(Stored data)
■ ■ ■ ■ ■

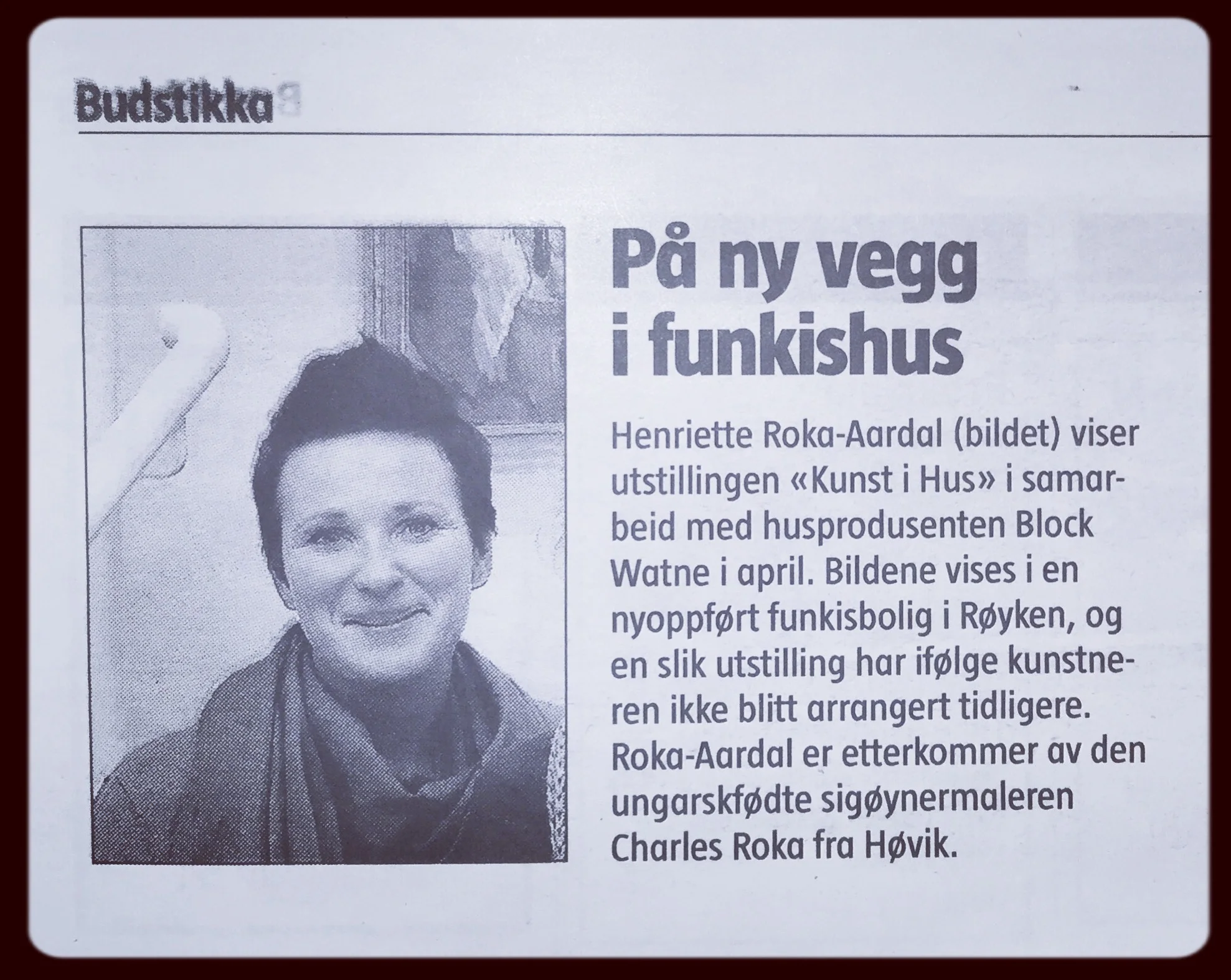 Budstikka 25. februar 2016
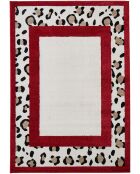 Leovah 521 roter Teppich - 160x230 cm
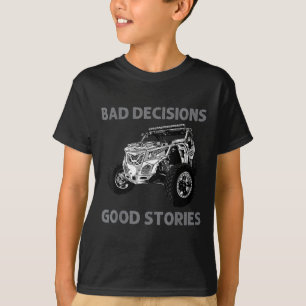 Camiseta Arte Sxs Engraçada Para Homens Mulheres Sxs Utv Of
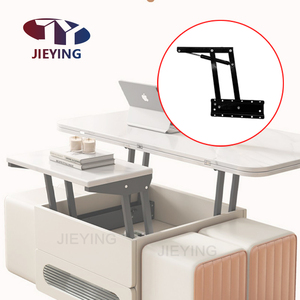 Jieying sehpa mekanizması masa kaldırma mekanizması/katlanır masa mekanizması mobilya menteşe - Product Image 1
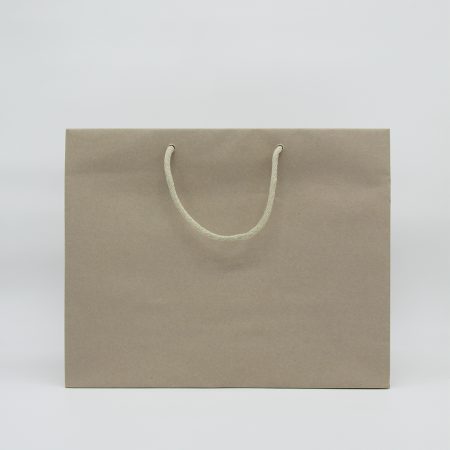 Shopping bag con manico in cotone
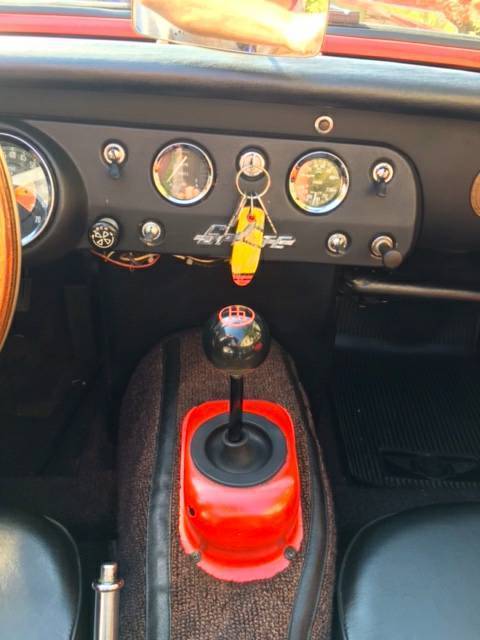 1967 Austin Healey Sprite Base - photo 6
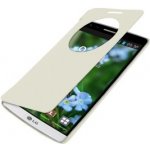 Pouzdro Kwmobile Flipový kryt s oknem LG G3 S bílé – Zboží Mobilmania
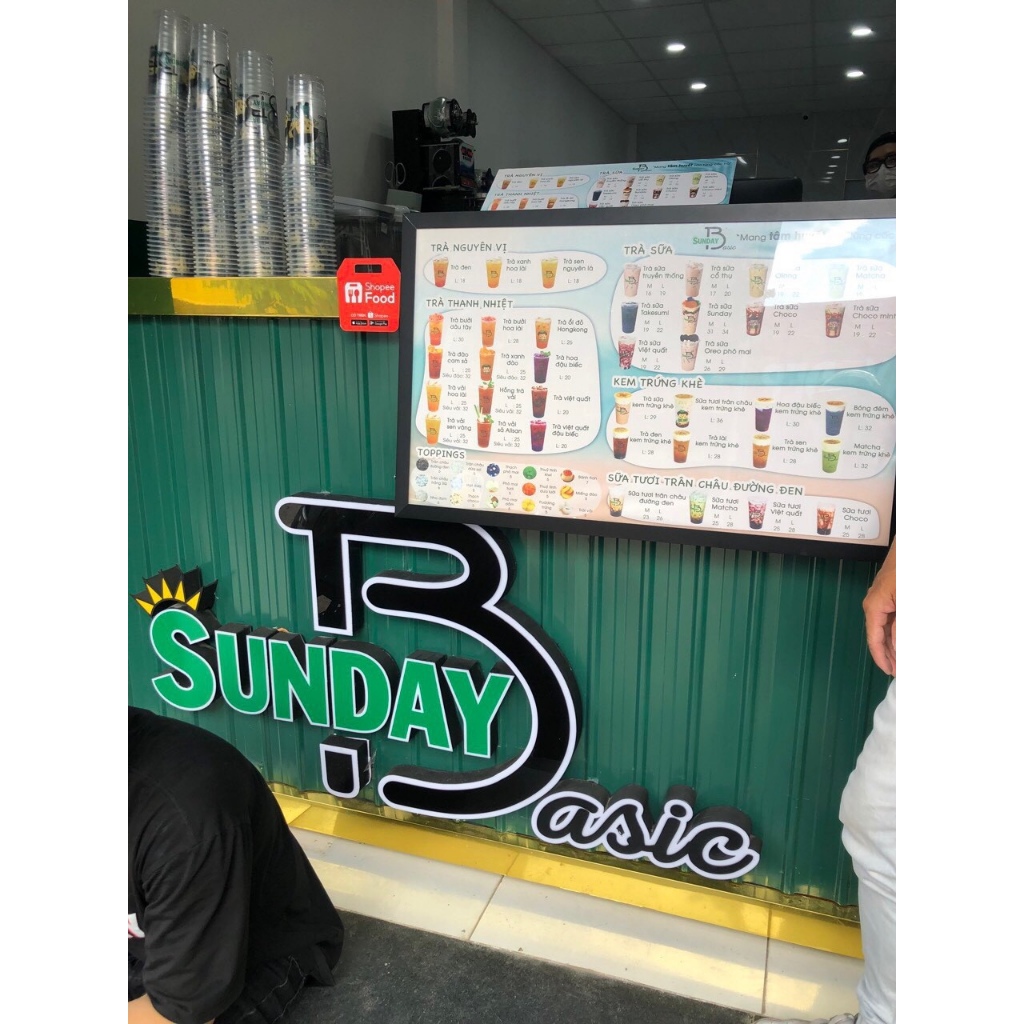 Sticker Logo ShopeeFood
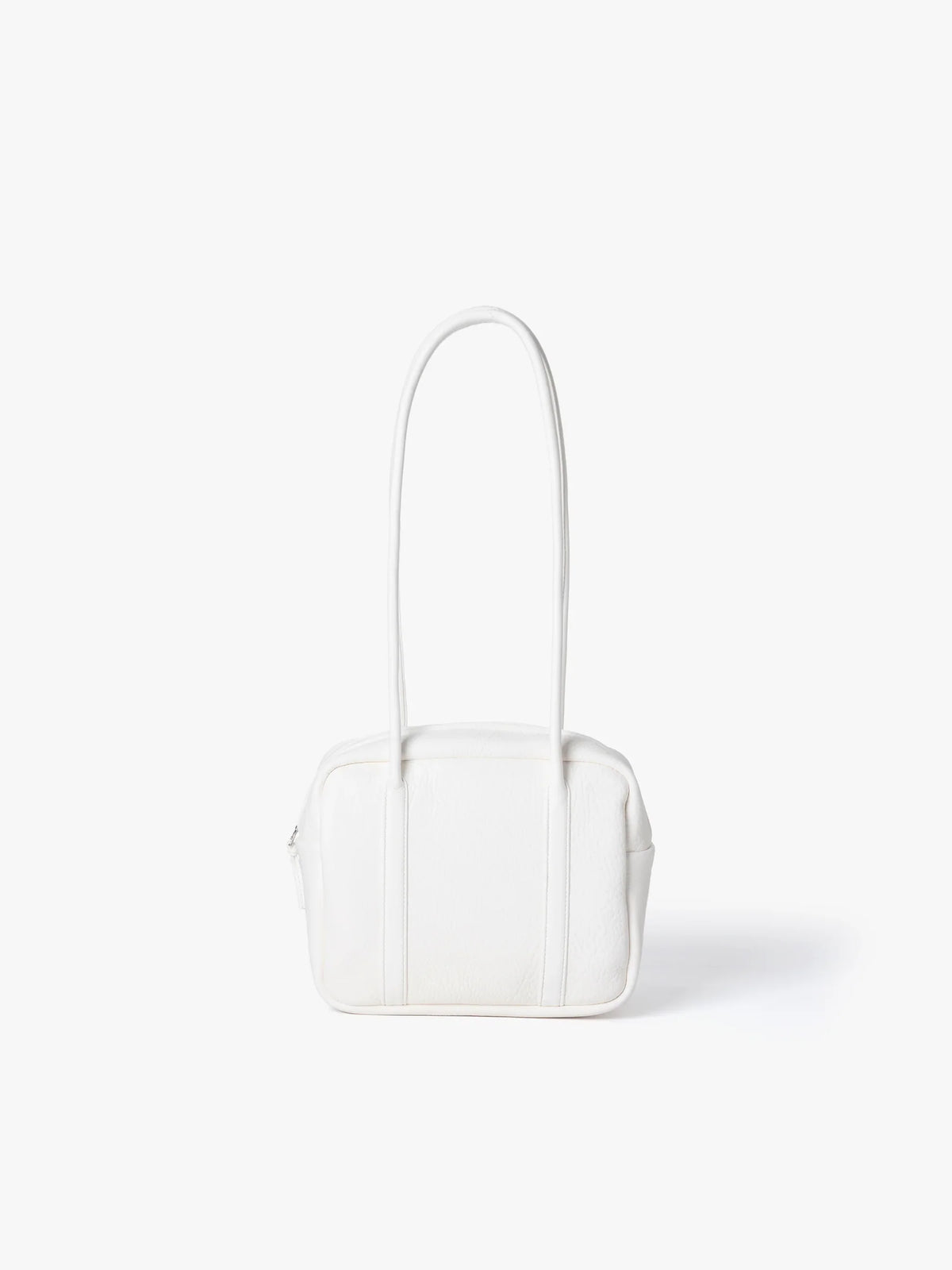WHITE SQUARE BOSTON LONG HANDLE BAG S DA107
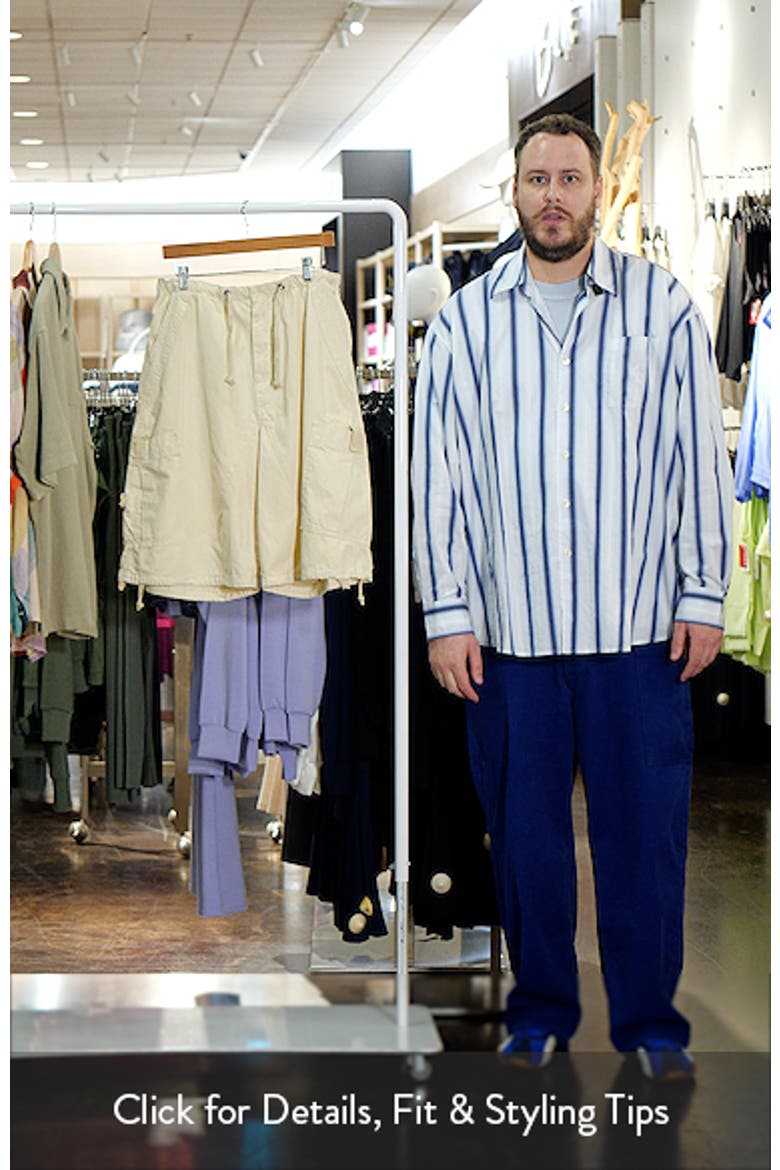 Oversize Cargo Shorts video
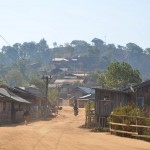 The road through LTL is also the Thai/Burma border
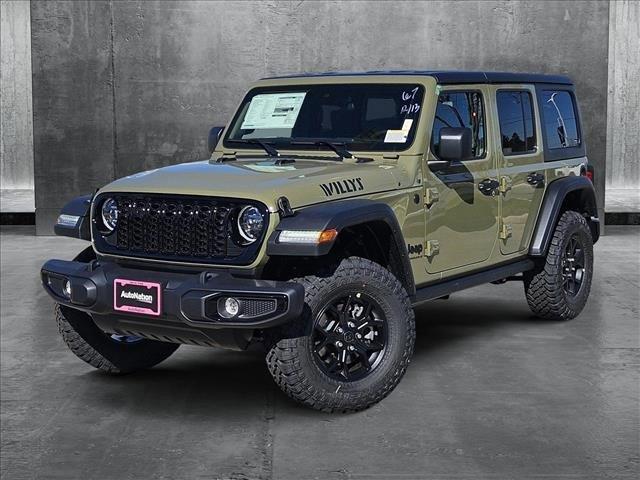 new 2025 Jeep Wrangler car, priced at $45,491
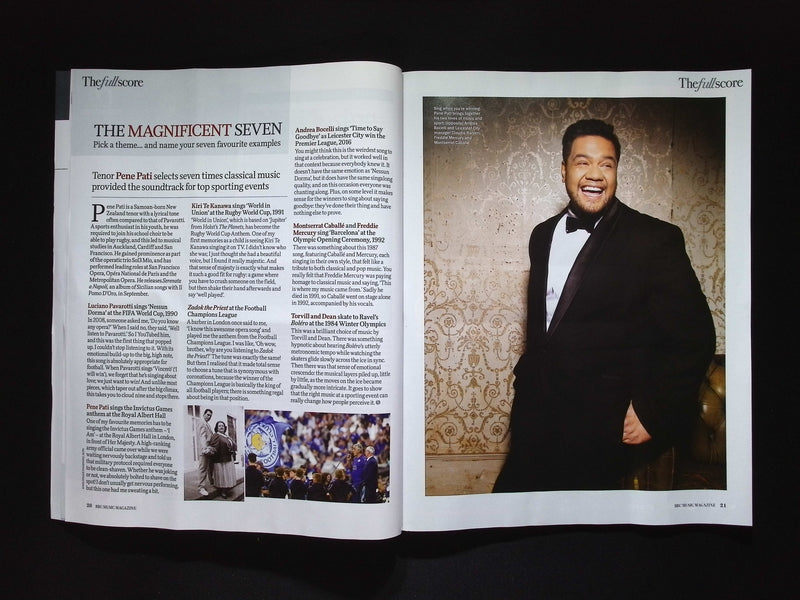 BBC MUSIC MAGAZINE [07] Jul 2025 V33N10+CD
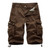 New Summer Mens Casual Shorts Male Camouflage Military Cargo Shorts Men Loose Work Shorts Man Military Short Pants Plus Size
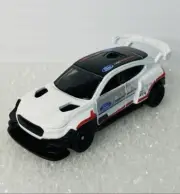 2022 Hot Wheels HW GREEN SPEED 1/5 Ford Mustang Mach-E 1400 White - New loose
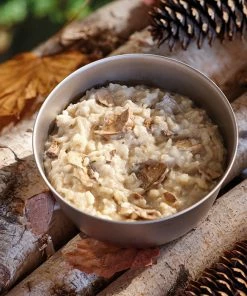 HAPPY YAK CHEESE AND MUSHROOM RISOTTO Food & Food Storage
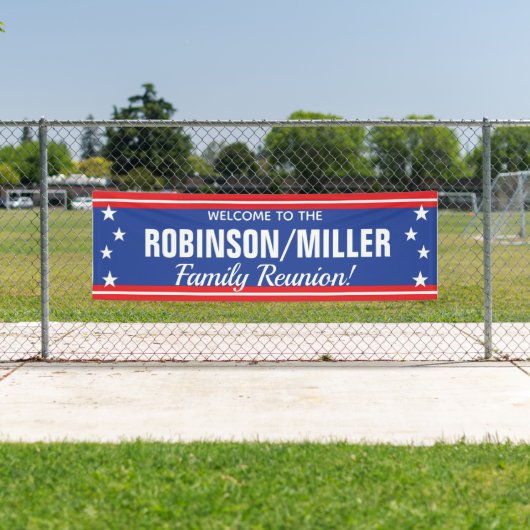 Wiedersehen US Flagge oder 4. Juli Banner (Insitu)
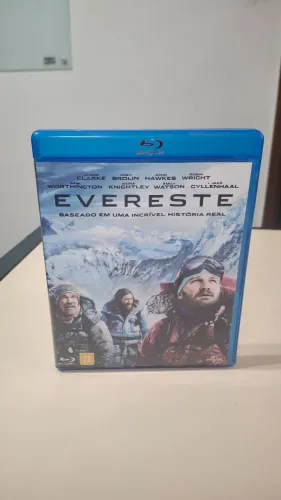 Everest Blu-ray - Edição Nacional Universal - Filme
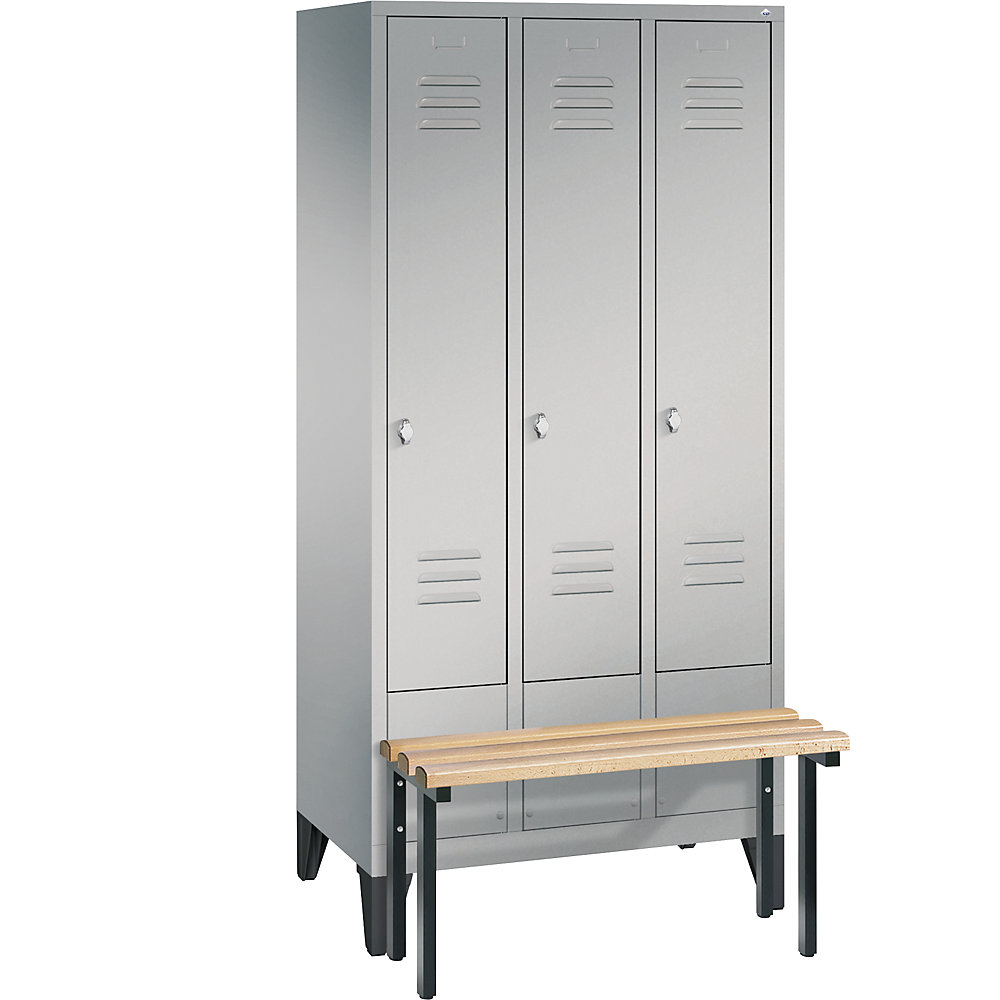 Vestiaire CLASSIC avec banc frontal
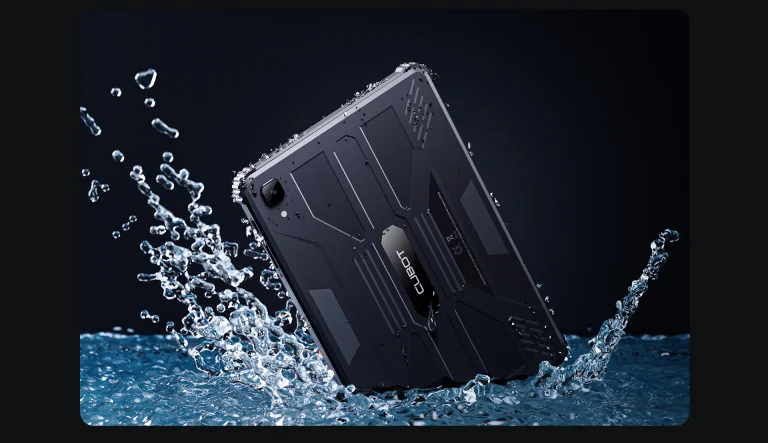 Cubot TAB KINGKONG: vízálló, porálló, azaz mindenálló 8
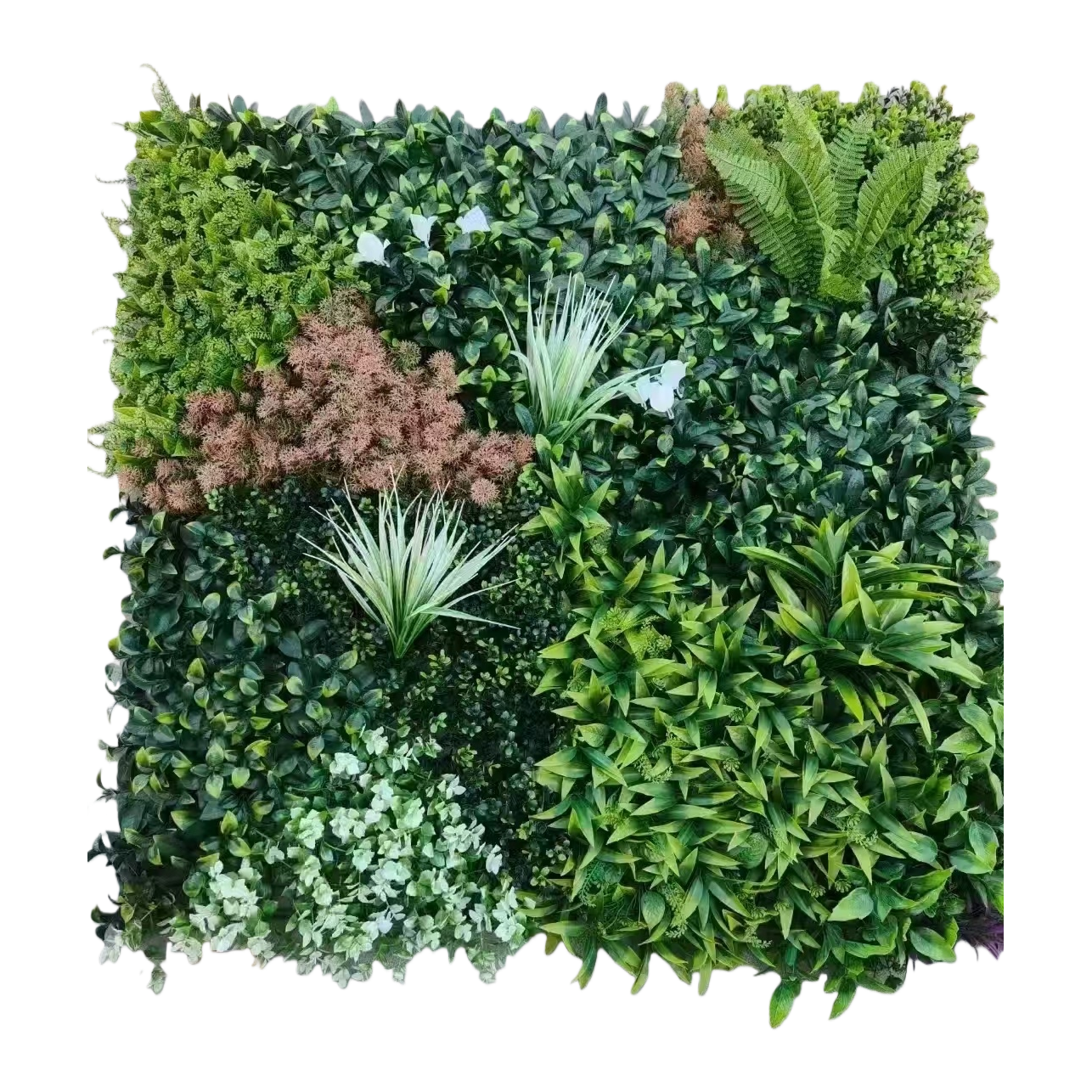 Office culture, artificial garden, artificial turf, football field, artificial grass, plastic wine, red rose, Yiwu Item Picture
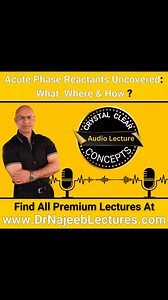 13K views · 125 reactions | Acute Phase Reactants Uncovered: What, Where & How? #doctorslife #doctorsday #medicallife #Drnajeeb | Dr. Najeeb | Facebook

■ ■ ■ ■ ■

To do: In the entries above, every line from the line with "The road through" to the line with "Cubot TAB KINGKONG: vízálló, porálló, azaz" is to be printed exactly, with both ends included and pictures excluded.

Exercise solution:
 The road through LTL is also the Thai/Burma border
 new 2025 Jeep Wrangler car, priced at $45,491
 BBC MUSIC MAGAZINE [07] Jul 2025 V33N10+CD
 New Summer Mens Casual Shorts Male Camouflage Military Cargo Shorts Men Loose Work Shorts Man Military Short Pants Plus Size
 2022 Hot Wheels HW GREEN SPEED 1/5 Ford Mustang Mach-E 1400 White - New loose
 HAPPY YAK CHEESE AND MUSHROOM RISOTTO Food & Food Storage
 Wiedersehen US Flagge oder 4. Juli Banner (Insitu)
 Everest Blu-ray - Edição Nacional Universal - Filme
 Vestiaire CLASSIC avec banc frontal
 Cubot TAB KINGKONG: vízálló, porálló, azaz mindenálló 8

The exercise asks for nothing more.